-- INSTRUCTIONS FOR THE TASK --
Please restate the data word for word, in full.

********

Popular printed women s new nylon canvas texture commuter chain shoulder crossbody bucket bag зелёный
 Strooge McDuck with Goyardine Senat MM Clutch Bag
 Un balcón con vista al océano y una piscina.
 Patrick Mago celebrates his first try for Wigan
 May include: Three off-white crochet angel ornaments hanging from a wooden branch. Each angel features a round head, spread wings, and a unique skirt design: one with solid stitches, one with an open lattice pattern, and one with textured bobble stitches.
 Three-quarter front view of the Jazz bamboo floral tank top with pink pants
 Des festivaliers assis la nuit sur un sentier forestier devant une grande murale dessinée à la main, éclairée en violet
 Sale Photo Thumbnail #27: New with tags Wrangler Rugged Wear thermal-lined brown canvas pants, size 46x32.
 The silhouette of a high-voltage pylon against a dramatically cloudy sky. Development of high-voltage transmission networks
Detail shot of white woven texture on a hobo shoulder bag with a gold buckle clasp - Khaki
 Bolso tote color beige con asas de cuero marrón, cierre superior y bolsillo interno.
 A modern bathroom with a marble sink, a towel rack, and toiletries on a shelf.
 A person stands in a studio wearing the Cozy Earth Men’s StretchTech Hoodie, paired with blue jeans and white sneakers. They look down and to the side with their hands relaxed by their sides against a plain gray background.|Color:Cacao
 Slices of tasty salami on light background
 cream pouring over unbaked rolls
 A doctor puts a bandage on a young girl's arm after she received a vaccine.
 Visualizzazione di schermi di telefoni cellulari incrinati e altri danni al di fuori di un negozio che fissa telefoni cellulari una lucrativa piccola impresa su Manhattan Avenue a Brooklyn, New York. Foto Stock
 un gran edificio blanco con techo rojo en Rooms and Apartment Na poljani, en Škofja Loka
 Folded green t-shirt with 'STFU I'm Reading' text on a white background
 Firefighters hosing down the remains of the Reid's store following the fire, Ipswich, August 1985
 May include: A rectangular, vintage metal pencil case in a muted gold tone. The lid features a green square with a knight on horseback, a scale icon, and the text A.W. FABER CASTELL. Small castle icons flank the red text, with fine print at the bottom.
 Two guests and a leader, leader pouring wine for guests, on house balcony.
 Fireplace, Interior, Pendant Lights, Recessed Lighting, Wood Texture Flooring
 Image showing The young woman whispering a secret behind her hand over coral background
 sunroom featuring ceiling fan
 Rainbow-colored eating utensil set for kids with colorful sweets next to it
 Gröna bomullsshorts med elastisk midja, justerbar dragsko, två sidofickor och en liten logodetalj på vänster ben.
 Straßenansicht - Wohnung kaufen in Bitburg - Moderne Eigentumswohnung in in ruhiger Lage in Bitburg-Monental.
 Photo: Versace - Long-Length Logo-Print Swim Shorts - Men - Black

********

-- OUTPUT OF THE TASK --
Popular printed women s new nylon canvas texture commuter chain shoulder crossbody bucket bag зелёный
 Strooge McDuck with Goyardine Senat MM Clutch Bag
 Un balcón con vista al océano y una piscina.
 Patrick Mago celebrates his first try for Wigan
 May include: Three off-white crochet angel ornaments hanging from a wooden branch. Each angel features a round head, spread wings, and a unique skirt design: one with solid stitches, one with an open lattice pattern, and one with textured bobble stitches.
 Three-quarter front view of the Jazz bamboo floral tank top with pink pants
 Des festivaliers assis la nuit sur un sentier forestier devant une grande murale dessinée à la main, éclairée en violet
 Sale Photo Thumbnail #27: New with tags Wrangler Rugged Wear thermal-lined brown canvas pants, size 46x32.
 The silhouette of a high-voltage pylon against a dramatically cloudy sky. Development of high-voltage transmission networks
Detail shot of white woven texture on a hobo shoulder bag with a gold buckle clasp - Khaki
 Bolso tote color beige con asas de cuero marrón, cierre superior y bolsillo interno.
 A modern bathroom with a marble sink, a towel rack, and toiletries on a shelf.
 A person stands in a studio wearing the Cozy Earth Men’s StretchTech Hoodie, paired with blue jeans and white sneakers. They look down and to the side with their hands relaxed by their sides against a plain gray background.|Color:Cacao
 Slices of tasty salami on light background
 cream pouring over unbaked rolls
 A doctor puts a bandage on a young girl's arm after she received a vaccine.
 Visualizzazione di schermi di telefoni cellulari incrinati e altri danni al di fuori di un negozio che fissa telefoni cellulari una lucrativa piccola impresa su Manhattan Avenue a Brooklyn, New York. Foto Stock
 un gran edificio blanco con techo rojo en Rooms and Apartment Na poljani, en Škofja Loka
 Folded green t-shirt with 'STFU I'm Reading' text on a white background
 Firefighters hosing down the remains of the Reid's store following the fire, Ipswich, August 1985
 May include: A rectangular, vintage metal pencil case in a muted gold tone. The lid features a green square with a knight on horseback, a scale icon, and the text A.W. FABER CASTELL. Small castle icons flank the red text, with fine print at the bottom.
 Two guests and a leader, leader pouring wine for guests, on house balcony.
 Fireplace, Interior, Pendant Lights, Recessed Lighting, Wood Texture Flooring
 Image showing The young woman whispering a secret behind her hand over coral background
 sunroom featuring ceiling fan
 Rainbow-colored eating utensil set for kids with colorful sweets next to it
 Gröna bomullsshorts med elastisk midja, justerbar dragsko, två sidofickor och en liten logodetalj på vänster ben.
 Straßenansicht - Wohnung kaufen in Bitburg - Moderne Eigentumswohnung in in ruhiger Lage in Bitburg-Monental.
 Photo: Versace - Long-Length Logo-Print Swim Shorts - Men - Black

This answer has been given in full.